Sacred Conversations (3/19/17)
Qi He, Jesus and the Samaritan Woman
On Sunday we heard the story of the Samaritan woman at the well. It's a really long story. The key to understanding the Gospel of John can be found in the Prologue to this Gospel. John 1:1-18 explains who Jesus is and what that means for us. That passage tells us that Jesus was always with God the Father; it tells us that Jesus is God; and it tells us that God entered the created world in the person of Jesus. This is also called the incarnation. The Prologue asserts that the incarnation is as important as the creation of the world. Through the incarnation, God enters into a direct relationship with all of humanity. Keep that thought in the back of your mind as you read the story of the Samaritan woman at the well and the sermon below.

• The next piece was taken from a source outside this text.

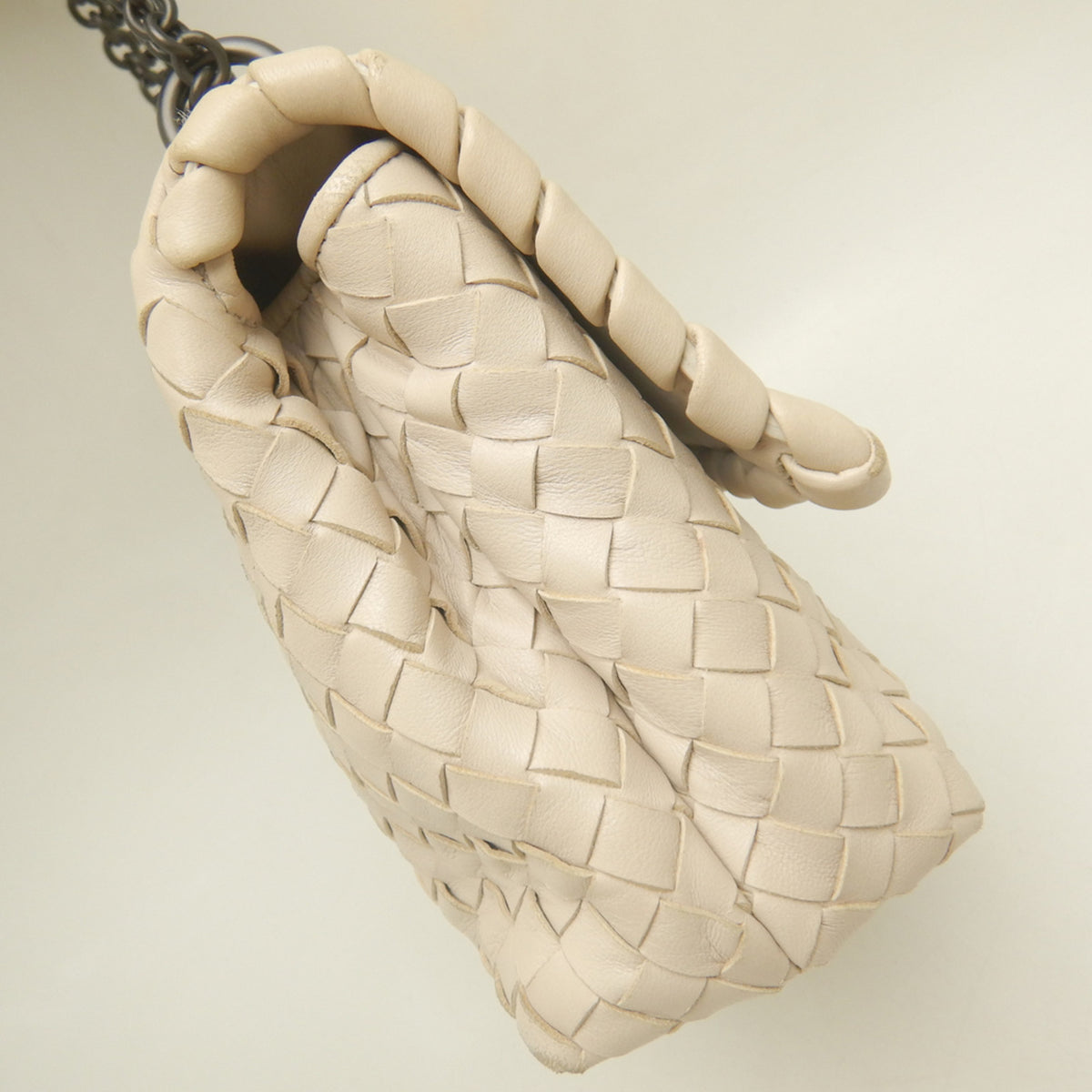 Bottega Veneta Ivory Leather Shoulder Bag (Pre-Owned)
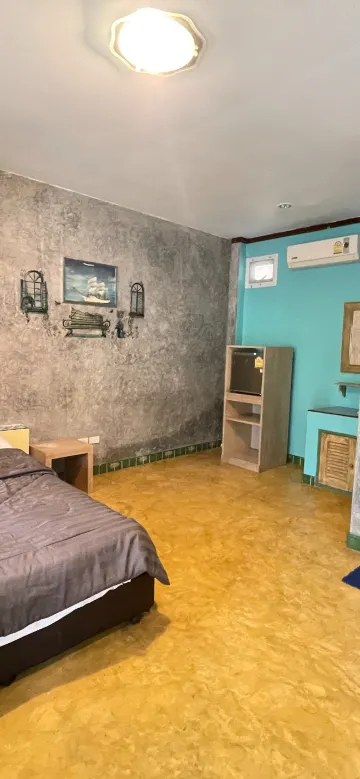 ห้องสแตนดาร์ด เตียงใหญ่ 1 เตียง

Sacred Conversations (3/19/17)
Good morning! I’d like to thank the Deacons this morning. They do a lot of really good work. In addition to the usual good work that they do, I’d like to thank them for their work in preventing the blizzard last week. You see, we were supposed to meet last Tuesday evening, but when they heard that we might be getting several inches of snow on Tuesday, they moved the meeting to last Sunday after church. I think that pretty much guaranteed that the worst of the storm missed us on Tuesday. Well done, Deacons! I’m glad we didn’t have to deal with the challenges of snowy roads last week.
All kidding aside, I’ve been in some challenging places in the last couple weeks. As some of you know, three weeks ago, I officiated a funeral for a young man who died of a heroin overdose. His name was Alan and he was thirty years old. I didn’t know him, but his sister is a friend of mine. Alan was a lapsed Catholic and he didn’t have a strong connection to the church anymore. I felt that I needed to be there to officiate this funeral. In truth, it was an honor and a privilege to be invited into that space; it is a sacred space.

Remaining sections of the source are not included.